Il nucleo della decisione assolutoria era questo: «i periti valutano di non univoca interpretazione almeno in parte le registrazioni realizzate presso lo studio del dottor Panzara (...) riguardo alla cassetta afferente il bar Grillo se la trascrizione disposta dai membri della Dia di Messina odierni imputati si discosta da talune delle altre trascrizioni formatesi nel corso del procedimento si rivela ampiamente conforme a quella posta in essere dal perito Pirinoli, il quale proprio in ragione di tale circostanza veniva originariamente indagato.

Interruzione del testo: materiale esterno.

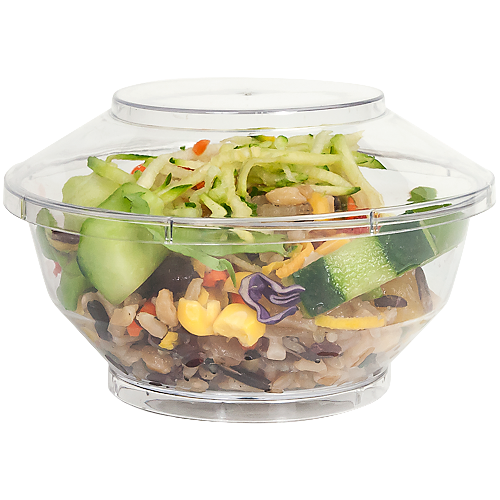 Chef Rubber Medium Round Plastic Bowl With Lid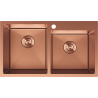 Mexen Xorin évier en acier inoxydable 2 bacs 780 x 450 mm, cuivre - 6441782000-65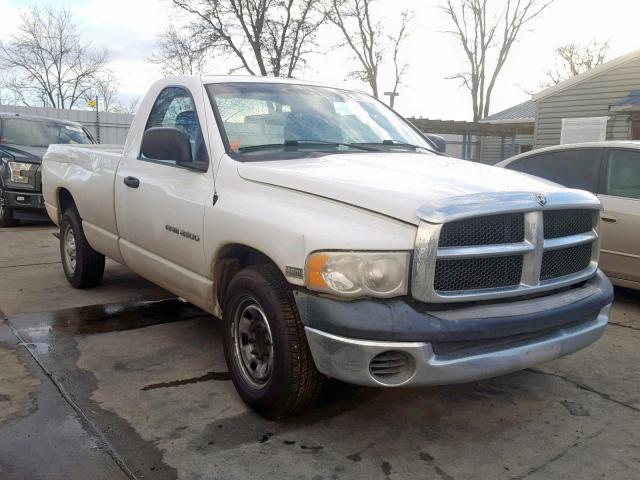 3D6WR26D85G805912 - 2005 DODGE RAM 2500 S WHITE photo 1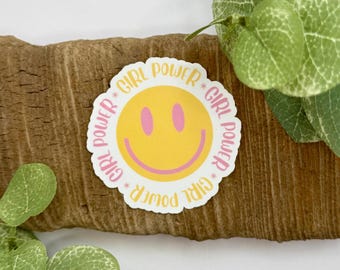 Girl Power Sticker | Woman Empowerment Stickers | Waterproof Sticker for Water Bottle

E tuttavia stante l'assenza di comprovati legami o rapporti tra quest'ultimo e i co indagati non si comprende perché questi avrebbe dovuto stilare una consulenza non conforme al vero». Insomma, massima garanzia per chi in ogni caso si era reso autore di trascrizioni in cui i voli di fantasia interpretativa erano giunti a riempire 31 minuti di nomi, date e circostanze in quello che poi la Cassazione chiama, annullando la sentenza del gip, un caso di «miraggio collettivo». Perché il lettore possa farsi un'opinione, va inoltre detto che Pirinoli è il perito di trascrizioni foniche di fiducia di molte direzioni distrettuali antimafia, e quasi tutti gli addetti i lavori lo conoscono. Inoltre, al momento delle intercettazioni ambientali del 2001, gli agenti non avevano redatto alcun rapporto di accompagno che di solito invece viene fatto per prassi quando i nastri contengono qualcosa di penalmente rilevante. Infine, in aula Gip a Messina, il perito del giudice stabilì che non c'era neanche concordanza tra i tempi delle sillabe pronunciate e le trascrizioni: una sorta di doppiaggio, infedele e fuori sinc. Per il gip di Lecco però in mancanza di certezze foniche poteva essere legittima ogni possibile interpretazione, a quanto pare.

Al di là del "come andrà a finire la storia", c'è già un'istituzione sconfitta in partenza: la giustizia. E si calcolino i costi per il contribuente di un'indagine andata avanti per undici anni per poi produrre un processo per calunnia  e falso a carico di alcuni dei consulenti della pubblica accusa. Da un processo ne nascono tre, comunque vada a finire qualcuno si farà male, ma certo in termini di produttività antimafia questa tranche d'indagine dai risvolti fantozziani è prossima allo zero.